Deli Serdang,asatupro.com-Pengerjaan pemeliharaan berkala ruas jalan oleh Dinas Sumber Daya Air, Bina Marga dan Bina Konstruksi (SDAMBK) Kabupaten Deli Serdang di Desa Kelumpang Tanjung Gusta menuai sorotan tajam. Proyek dengan pagu anggaran fantastis lebih dari Rp1,5 miliar itu diduga dikerjakan asal jadi dan terkesan hanya tambal sulam.
Pantauan awak media di lapangan menunjukkan, hasil pengerjaan jauh dari harapan. Sejumlah titik kerusakan berat hanya ditambal tipis, padahal kondisi badan jalan sudah seharusnya dilakukan pengaspalan secara menyeluruh.
Kualitas pekerjaan tersebut dinilai tidak sebanding dengan nilai anggaran yang dikucurkan.
Buruknya mutu perkerjaan juga terlihat di ruas jalan Simpang Beringin, Kelumpang, Kecamatan Hamparan Perak, Hotmix yang baru dikerjakan sudah mengalami kerusakan dan retak.
Baca Juga:
Kesan asal-asalan ini memicu kecurigaan publik. Pengerjaan yang minim volume dan kualitas itu disebut-sebut berpotensi menguntungkan pihak kontraktor serta oknum pejabat dinas terkait. Padahal proyek tersebut menggunakan uang rakyat.

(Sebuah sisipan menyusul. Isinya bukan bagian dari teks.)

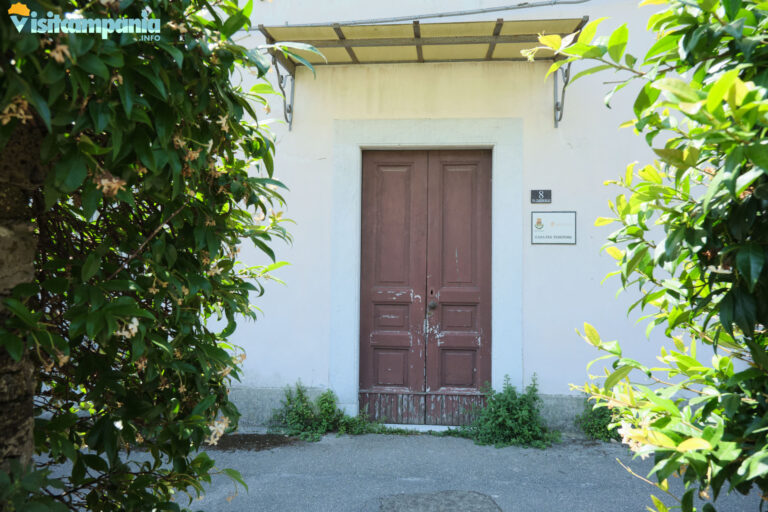 caserta real belvedere 0021 768x512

"Beberapa titik hanya ditambal seadanya. Seharusnya diaspal penuh, tapi kenyataannya tidak. Ini jelas menguntungkan rekanan dan oknum-oknum yang terlibat. Kami menduga ada maksud terselubung," ungkap seorang tokoh masyarakat setempat yang enggan disebutkan namanya.

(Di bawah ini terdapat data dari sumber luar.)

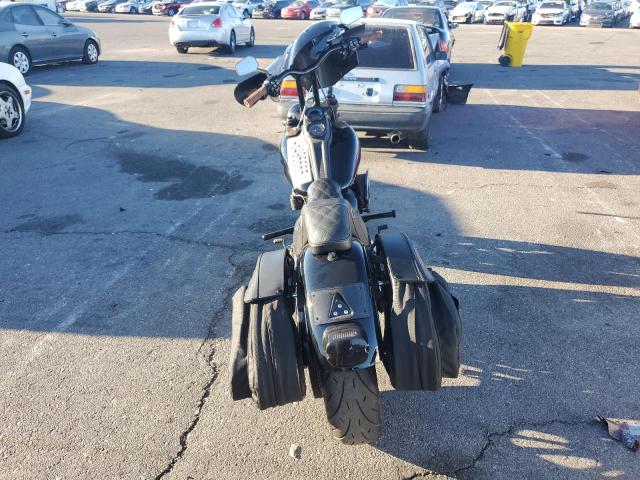 2021 HARLEY-DAVIDSON FXLRS 1HD1YWK10MB017928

Berdasarkan papan proyek disebutkan, proyektor itu dikerjakan oleh CV Sejahtera Jaya dengan nilai anggaran sebesar Rp1.559.500.000,00, dengan sumber dana PAPBD Tahun 2025, Tanggal Kontrak 30 Oktober 225, dengan waktu 63 hari kalender.
Baca Juga:
Angka tersebut dinilai tidak masuk akal jika dibandingkan dengan kondisi pekerjaan di lapangan.
"Kalau pekerjaannya seperti ini, wajar masyarakat menduga sebagian anggaran masuk ke kantong pribadi rekanan dan pejabat. Aroma korupsi sangat terasa," tambah warga.
Diketahui, proyek tersebut mulai dikerjakan sejak 30 Oktober 2025 dengan masa kerja 63 hari kalender. Namun hingga kini, pengaspalan baru mencapai wilayah Desa Kelumpang Kebun. Sementara di Desa Kelambir Lima Kebun, pekerjaan masih sebatas penyiraman sertu.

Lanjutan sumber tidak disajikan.